El mercado de banca privada española está en movimiento
El mercado de la banca privada española, durante años feudo de Santander, BBVA y Caixabank, atraviesa un momento de reconfiguración profunda. Impulsados por los 259.700 millonarios que acumulan casi 783.000 millones de dólares en patrimonio, competidores internacionales como ING, Revolut e Intesa Sanpaolo se disputan un segmento que combina alta rentabilidad con escasa competencia exterior. La posible adquisición de Singular Bank por parte de ING en torno a los 200 millones de euros podría ser el primer movimiento visible de una transformación que apenas comienza.
- Warburg Pincus ha decidido vender Singular Bank —gestora de casi 18.000 millones en activos— y la cuenta atrás para cerrar el acuerdo se mide en semanas, no en meses.

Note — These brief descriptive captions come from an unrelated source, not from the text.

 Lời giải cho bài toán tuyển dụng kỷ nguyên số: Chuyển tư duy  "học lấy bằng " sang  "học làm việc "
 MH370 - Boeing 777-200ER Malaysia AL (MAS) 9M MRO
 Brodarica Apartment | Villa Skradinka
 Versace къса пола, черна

- ING negocia como favorito, pero Intesa Sanpaolo también pugna por la misma pieza, y Revolut contrata banqueros especializados en grandes patrimonios para lanzar su propia oferta tras el verano.
- El propio CEO de Singular, Javier Marín, preferiría vender a inversores independientes para conservar el control, creando una tensión interna que complica las negociaciones.

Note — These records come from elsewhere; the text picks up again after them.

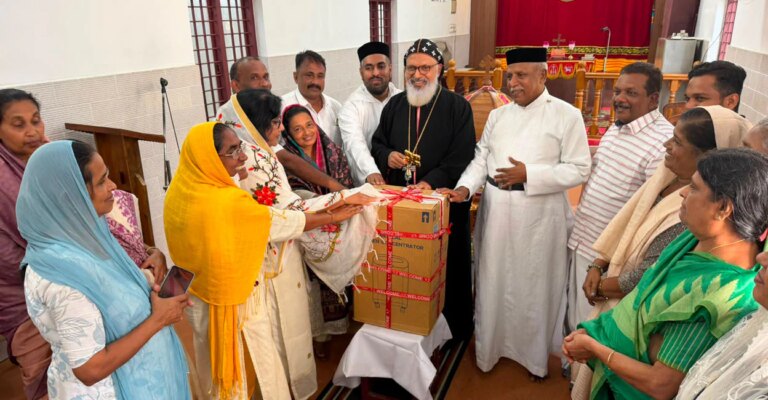 mammoottys-foundation-donates-oxygen-concentrator.jpg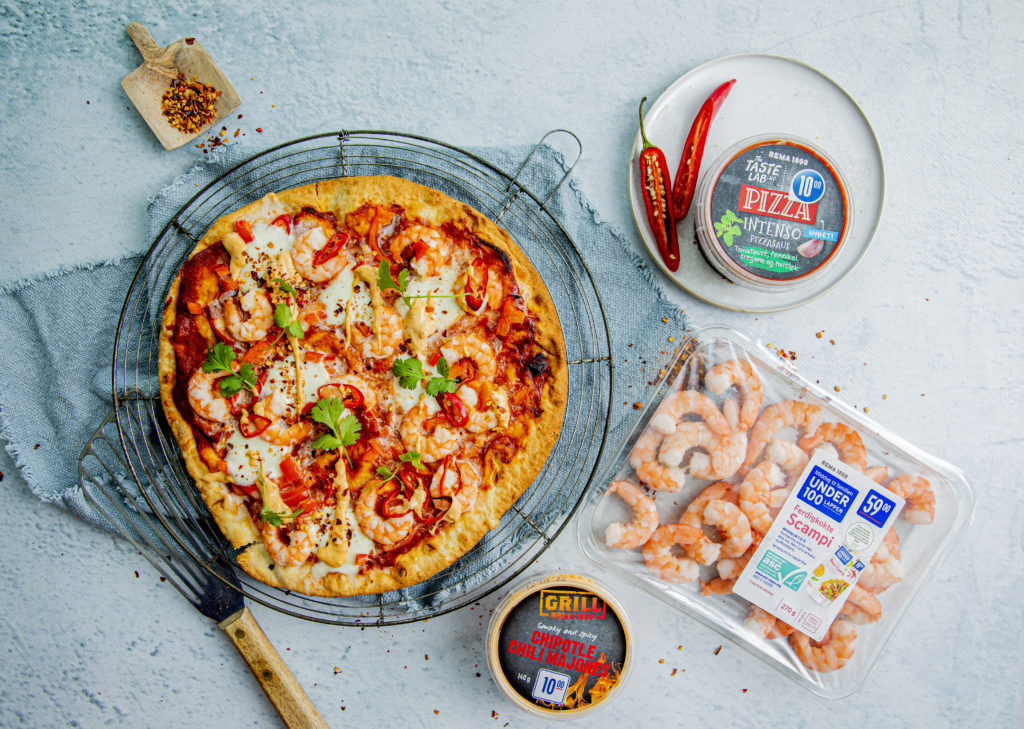 Scampi pizza with chilli and chipotle mayonnaise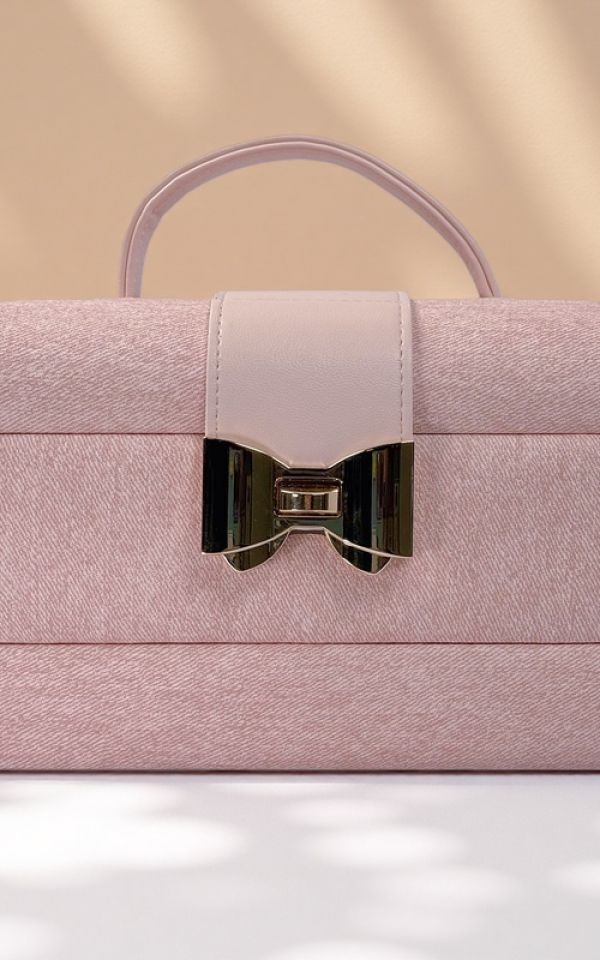 Luxury jewelry boxes with a practical, multi-functional design that opens automatically, made of cardboard for women's jewelry storage.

- El BCE ya frenó la expansión de Revolut el verano pasado por la velocidad con la que lanza productos, lo que añade incertidumbre regulatoria al avance de los neobancos en este segmento.
- Si ING cierra la compra, los grandes bancos nacionales deberán responder a un rival que llega con tecnología, capital y un modelo de negocio distinto al suyo.
El mercado de la banca privada española lleva años en manos de Santander, BBVA y Caixabank, pero una ola de competidores internacionales ha decidido que ya es hora de disputarles ese territorio. El detonante es claro: España cerró 2025 con 259.700 millonarios y una riqueza combinada de casi 783.000 millones de dólares, casi 50.000 millones más que el año anterior. Para cualquier banco con ambiciones, esos números son una invitación difícil de ignorar.
El epicentro de la disputa es Singular Bank, una boutique de banca privada fundada en 2020 que gestiona 17.758 millones de euros en activos. Su accionista mayoritario, el fondo estadounidense Warburg Pincus, quiere salir, y la operación podría cerrarse en apenas dos semanas. ING aparece como el comprador más probable, dispuesto a pagar alrededor de 200 millones de euros. Para el banco holandés, presente en España solo en el segmento minorista, sería el salto definitivo a un negocio de mayor margen. Ya tiene preparado un equipo y un responsable para lanzar la oferta comercial justo después del verano. Sin embargo, el CEO de Singular, Javier Marín —exdirector general de Santander y accionista de la firma—, preferiría que la compraran inversores independientes o familias, no otro banco, para preservar su autonomía.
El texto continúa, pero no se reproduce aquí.